Settimio Severo nato in Libia, e Gulia Domna arrivata dalla Siria. Marito e moglie cosmopoliti, colti, visionari. Eccoli ad inaugurare la dinastia dei Severi nel 193 d.C., un'epopea innovativa per le sorti dell'impero romano. Caracalla, Elagabalo, Alessandro Severo, a questa famiglia venuta dall'Africa è dedicata la mostra Roma Univeralis, visitabile da oggi al Colosseo, e che si arricchisce di tappe novità lungo il Foro Romano e il Palatino. Un progetto «non evento effimero - avverte Alfonsina Russo direttrice del parco archeologico del Colosseo - ma organizzato per aprire in modo permanente luoghi non fruibili da anni».Perché quasi tutta la Roma antica che si vede oggi, prepotente e magnifica, è quella lasciata dai Severi, a partire dallo stesso Colosseo, ricostruito dopo l'incendio del 217. La mostra all'Anfiteatro Flavio, curata a sei mani da Clementina Panella, Rossella Rea e Alessandro D'Alessio, va affrontata come un prologo-racconto sul senso di questa dinastia durata un quarantennio (fino al 235 d.C.). Piccola ma con pezzi straordinari e ben orchestrati (con tanto di apparato multimediale), tra una galleria di busti ritratto emozionanti e i frammenti preziosi della Forma Urbis (la pianta del catasto) rinvenuti dai recenti scavi. «Raccontiamo i 40 anni epocali della dinastia - dice Clementina Panella - Con la Costituzione Antonina conferirono la cittadinanza romana a tutti i cittadini liberi residenti nell'Impero, una sorta di Ius Soli ante litteram. Rivoluzionarono l'assetto viario e sfamarono la città facendo arrivare grano e olio». A loro vanno ricondotte la riforma monetaria, le guerre per proteggere le frontiere, il sincretismo religioso, l'importanza del ruolo della donna. Una boccata di ossigeno dopo la deriva di Commodo. Il percorso nel parco archeologico è una scoperta continua.

LA CASA DELLE MERAVIGLIE
Porte aperte alle cosiddette Terme di Elagabalo sulle pendici del Palatino, reinterpretate nel 2013 come palazzo per banchetti di Massenzio dalle scoperte di Clementina Panella, con la sua équipe della Sapienza: qui, in un insediamento stratificato di tre metri quadrati, riemersero 33 statue, tra cui un ritratto di Settimio Severo e un'erma a tre teste. Tutti esposti nel Tempio di Romolo. Coup de theatre, il Clivus ad carinas, riaperto dopo secoli, che dalla via Sacra porta al Templum Pacis.

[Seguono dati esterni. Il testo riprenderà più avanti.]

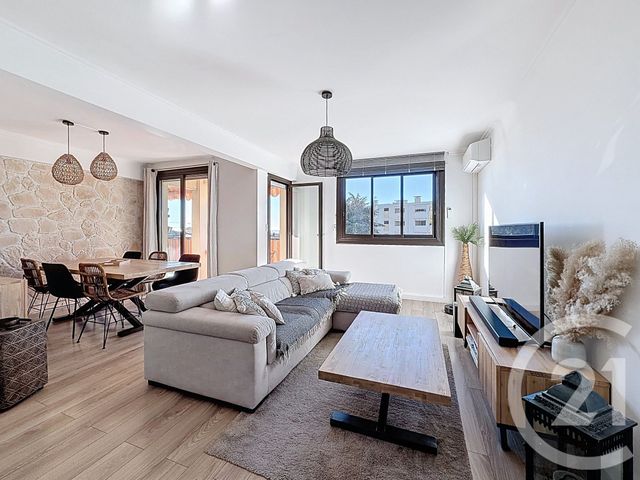 Appartement F3 à vendre CAGNES SUR MER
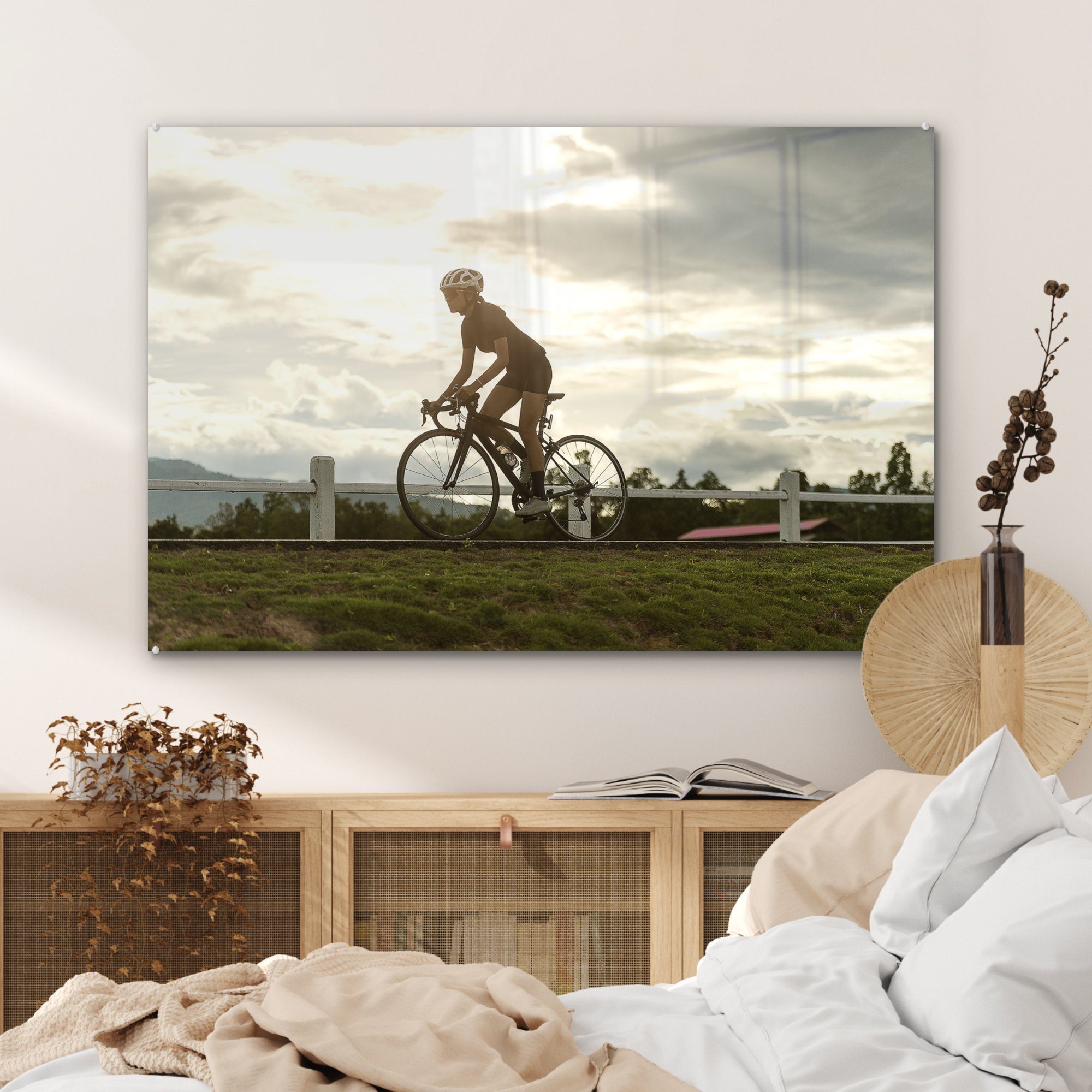 Schlafzimmer Acrylglasbild Wohnzimmer MuchoWow - & Radfahren (1 Fahrrad, - Gras Acrylglasbilder St),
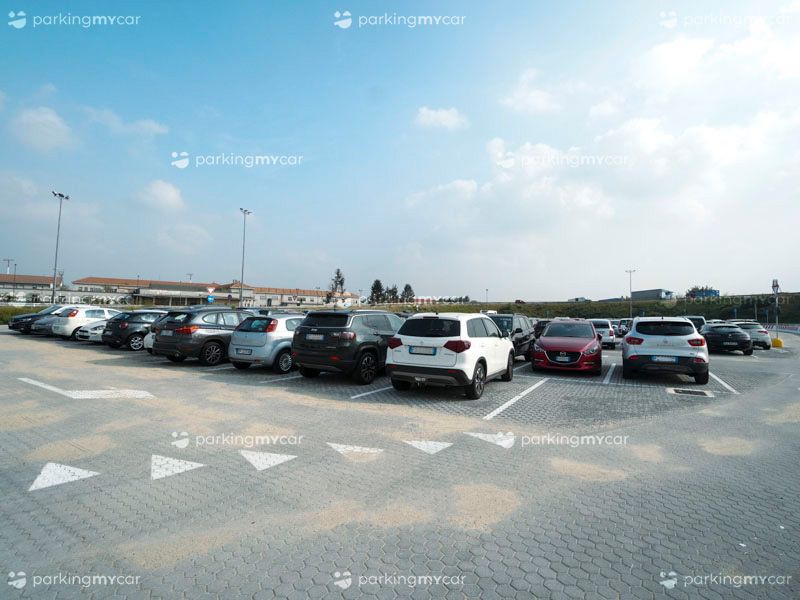P-C Low Cost - Aeroporto Torino Posti auto scoperti P-C Low Cost - Aeroporto Torino
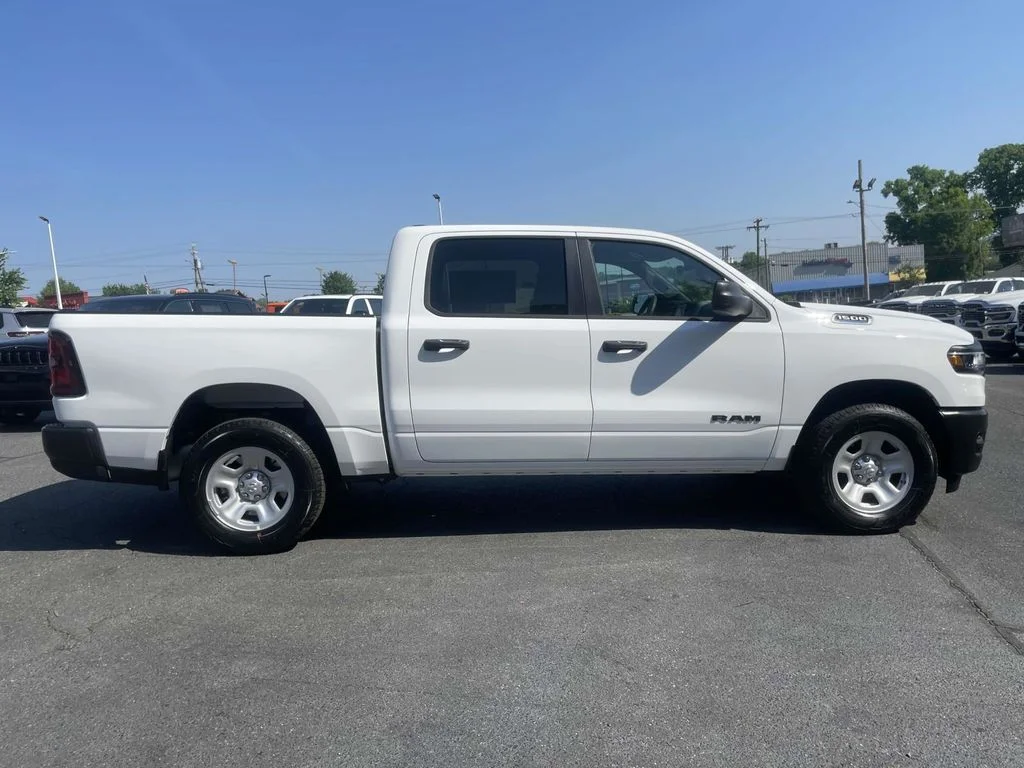 New 2026 Bright White Clear-Coat Exterior Paint RAM Tradesman image 9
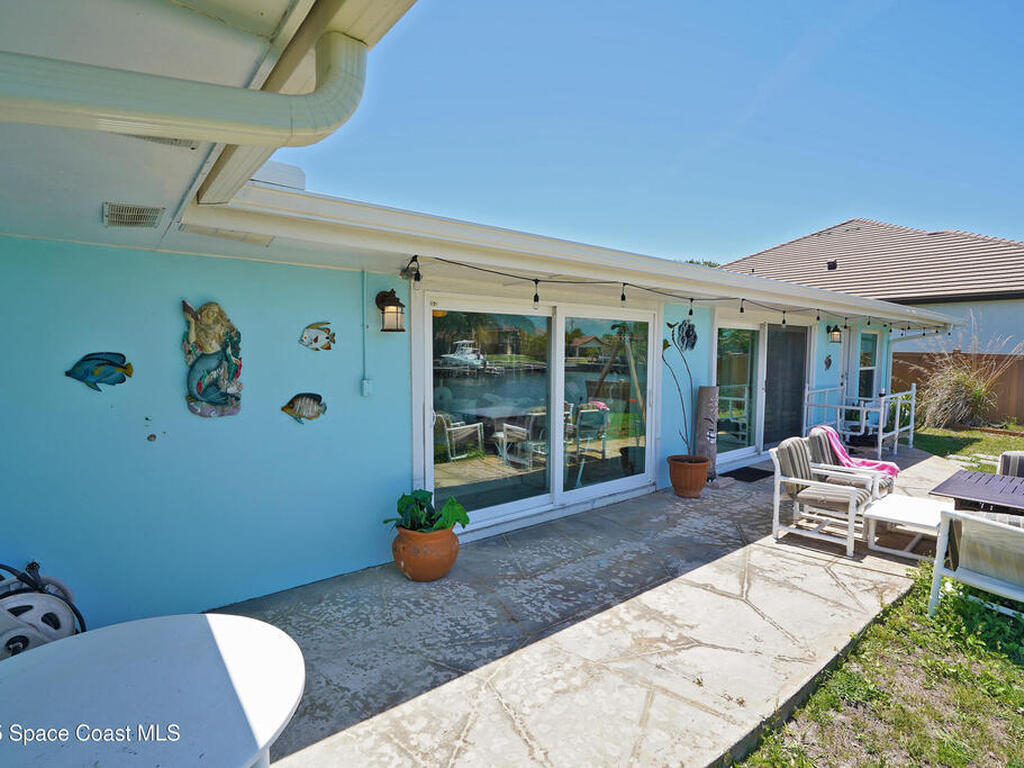 247 Antigua Drive, Cocoa Beach, FL 32931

Come osserva Rossella Rea, «Il paesaggio regala un'atmosfera romantica, passando sotto la galleria del Ladrone, un luogo in origine buio che dava adito a comportamenti non leciti, usato fino al Medioevo». Qui si rivedono oggi le tabernae originali, e da qui si gode l'affaccio sull'aula di culto del leggendario Tempio della Pace «dove era esposto il bottino d'oro conquistato a Gerusalemme, e dove brillano ora i marmi del pavimento - continua Rea - che svelano tracce dell'incendio che, come racconta Procopio, distrusse l'edificio». E sempre qui, in un allestimento firmato da Barbara Nazzaro, si accende, spettacolare, la planimetria dei Fori. Suggestivo il percorso delle Arcate Severiane, fino alla Sala dei Capitelli: «Un ambiente che ospita la collezione di capitelli colossali del palazzo imperiale, considerato nell'800 una sorta di wunderkammer», dice Alessandro D'Alessio, che annuncia l'inizio dei restauri allo Stadio Palatino.